Notre avenir ne dépend-il pas de ce choix problématique ? Je choisis d’être, répliqueront certainement mes lecteurs. Mais objectera-t-on toujours : «être» sans avoir, est-il vraiment être ? Une manière de répondre à la question se trouve dans la pensée de ceux-là dont le slogan est : «Barça ou Barçakh.» La pression sociale est telle qu’ils ne peuvent pas «être» sans «avoir» et quelle que soit leur dignité. Il ne faut donc point s’étonner lorsqu’ils essaient d’«être» en bravant les vagues de la mer au prix de leur vie. Si être est la visée de tous, l’avoir est devenu la voie qui s’y mène. L’ambition d’une cité fondée sur des principes et des valeurs a cédé le pas à celle d’une cité où l’avoir et la richesse dictent les manières d’être. L’étudiant est au centre de cette problématique et ne sait plus où aller. Doit-il chercher le savoir ou la richesse ? Peut-il viser les deux en même temps ? Comment satisfaire la demande sociale et sa propre demande ?
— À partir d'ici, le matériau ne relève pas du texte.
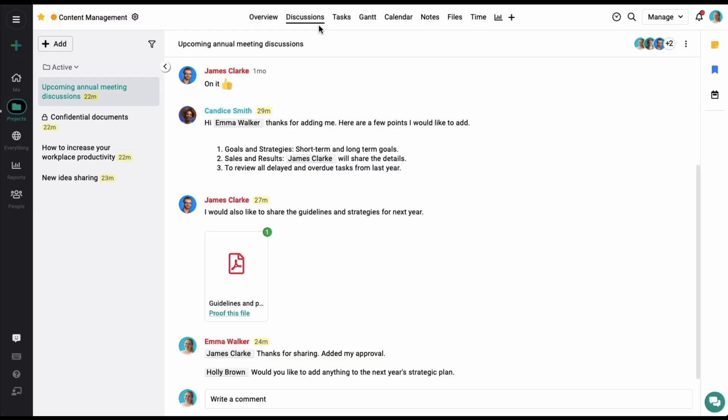Project discussions help you keep your project-specific communication in one place. Here you can add any number of discussion topics. As you can see on the left side, I have added four discussion topics right here.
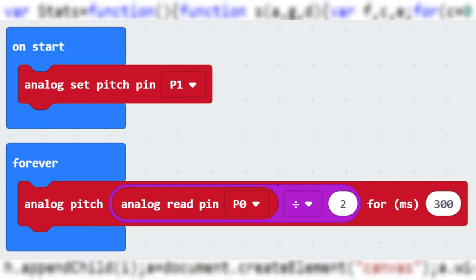Hello and welcome to this video. Today I would like to show you how to change the pitch of a buzzer using a potentiometer. This is the code.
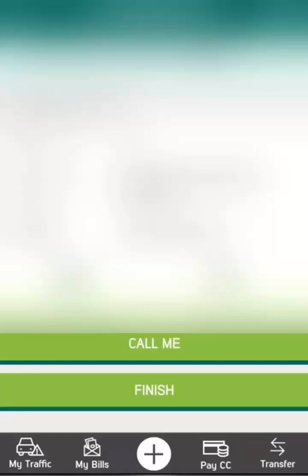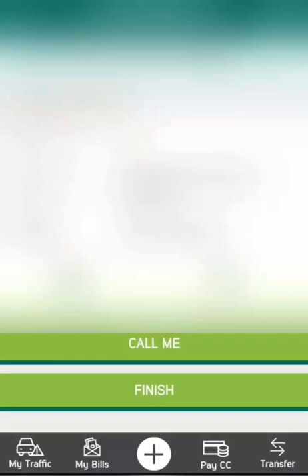Once added successfully, press Finish. Then you can transfer to that beneficiary account. Thank you, that's all.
Nous sommes tous embarqués et nous ne pouvons plus nous évader des réalités sociales. Se battre pour réussir est la raison pour laquelle nous nous mouvons tous les jours. Qui ose ne pas se battre ? Même dans la nature, l’antilope la moins rapide se lève tous les matins en disant que je dois courir plus vite que le plus rapide de tous les guépards pour survivre. Et le guépard le moins rapide dira, à son tour, que je dois courir plus vite que l’antilope la plus rapide pour survivre. Ainsi, peu importe ! Que vous soyez antilope ou guépard, vous êtes obligé de courir, de vous battre pour survivre ou réussir pour espérer enfin considération et vous tailler une place dans la société. Le désir naturel de posséder, de réussir est une volonté commune, me semble-t-il, aux sages et aux fainéants. Mais qu’est-ce que vraiment une vie réussie ? Question très évidente pour le commun des mortels, mais très équivoque au point de faire danser les grands esprits.